Aujourd’hui, ils se battent pour le climat, avec la même ferveur, une certaine violence et toujours la même frustration de voir les lignes bouger si lentement. Les manifestations populaires se succèdent au fil des conférences pour le climat et se radicalisent. Des actions de plus en plus brutales voient le jour, avec blocages de la circulation, déprédations, voire jets de pierres ou de mortiers. Il ne s’agit plus ici de défendre le sort d’un peuple ou de la société civile, mais bel et bien de garantir l’avenir de l’humanité.
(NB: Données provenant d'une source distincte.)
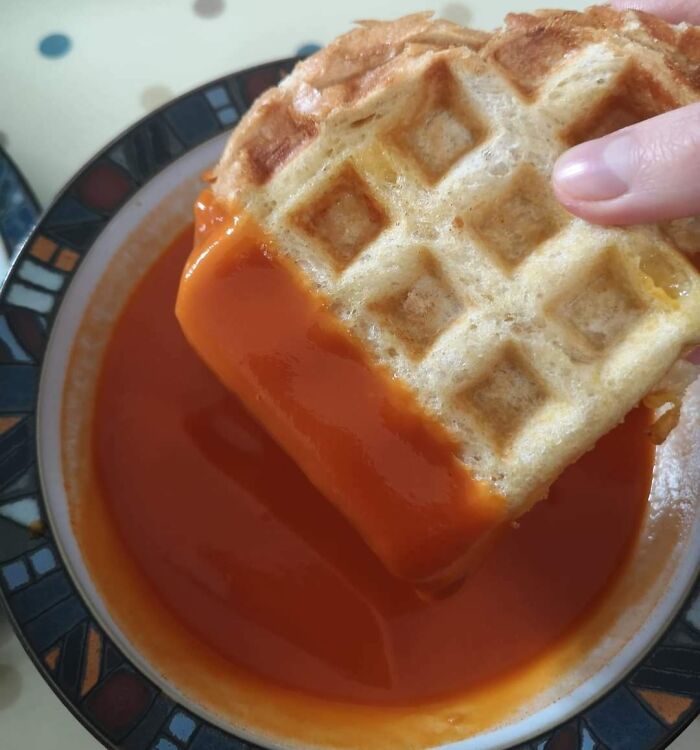Waffle used as a grilled cheese sandwich dipped into tomato soup, showcasing a genius idea to solve an annoying problem.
Est-ce malsain de se dresser contre l’inertie des gouvernements ? De refuser la destruction de la biodiversité ou la pollution de l’eau ? De s’offusquer devant l’égoïsme des conducteurs de grosses voitures polluantes ?
 
Malgré le fait que le monde compte aujourd’hui 1,8 milliard de jeunes, la plus grande proportion de toute l'histoire, leurs voix ne sont pas traduites en actions. Qu’il s'agisse de prendre la parole lors de sommets importants ou de manifestations pacifiques, de perdre son sang-froid et de jeter des boîtes de soupe sur des œuvres d’art ou de se coller sur les routes, le message est identique, mais avec une colère croissante : ils en ont assez !
 
Pour la première fois de son histoire, la Conférence des Parties leur a dédié un Pavillon officiel. Cela sera-t-il suffisant pour apaiser cette colère ? Très probablement pas, tant que le sentiment d’impuissance persiste. Ce sentiment a toujours conduit à la révolte. Face à ce qu’ils considèrent comme un « écocide », ces jeunes réagissent comme devant un génocide, avec une frustration qu’ils n’arrivent plus à contenir. Dans leur esprit, ils n’ont rien à perdre : leur avenir a déjà été confisqué par des décideurs qui ne veulent pas agir. À leurs yeux, leur comportement est justifié en tant que moyen pour atteindre leur objectif.
Sont-ils des héros ou des anarchistes ? Honnis aujourd’hui par l’opinion publique, seront-ils réhabilités comme ceux qui ont enfreint les ordres des dictateurs ou saboté les infrastructures ennemies ? Poser la question, c’est y répondre en partie. Mais en partie seulement …
 
Ce qu’il faut voir, c’est le véritable effet des actions violentes pour obtenir ou non un changement. Je répondrai que c’est utile face aux gouvernements qui veulent éviter le désordre et qui ont déjà réagi plusieurs fois en décrétant l’urgence climatique. Sans être acculé à bouger, un politicien restera immobile. Mais ça ne l’est pas quand on constate l’exaspération et l’incompréhension de la population.
 
En Europe, nous avons deux mouvements aux actions similaires mais aux objectifs différents. L'un crie « Arrêtez le pétrole » et l’autre « Rénover ». Une demande irréaliste - car le monde s’écroulerait si l’on arrêtait subitement d’utiliser le pétrole - face à une demande sérieuse pour que les infrastructures obsolètes et polluantes soient modernisées au moyen de technologies plus efficientes et économiquement rentables.

On voit bien qu’il est fondamental de convertir la colère en propositions concrètes. Se coller sur la route en abhorrant l’industrie sera toujours moins utile que d’encourager cette dernière à se transformer.

Aujourd’hui, avec la même colère, la même frustration, les jeunes pourraient obtenir beaucoup plus de résultats en criant « solutions, solutions », plutôt que « problèmes, problèmes ». Et si, malgré cela, les décideurs continuaient à ne rien faire, plus personne ne pourra s’étonner que ce ne soient pas seulement les manifestations qui dégénèrent, mais la situation dans son ensemble.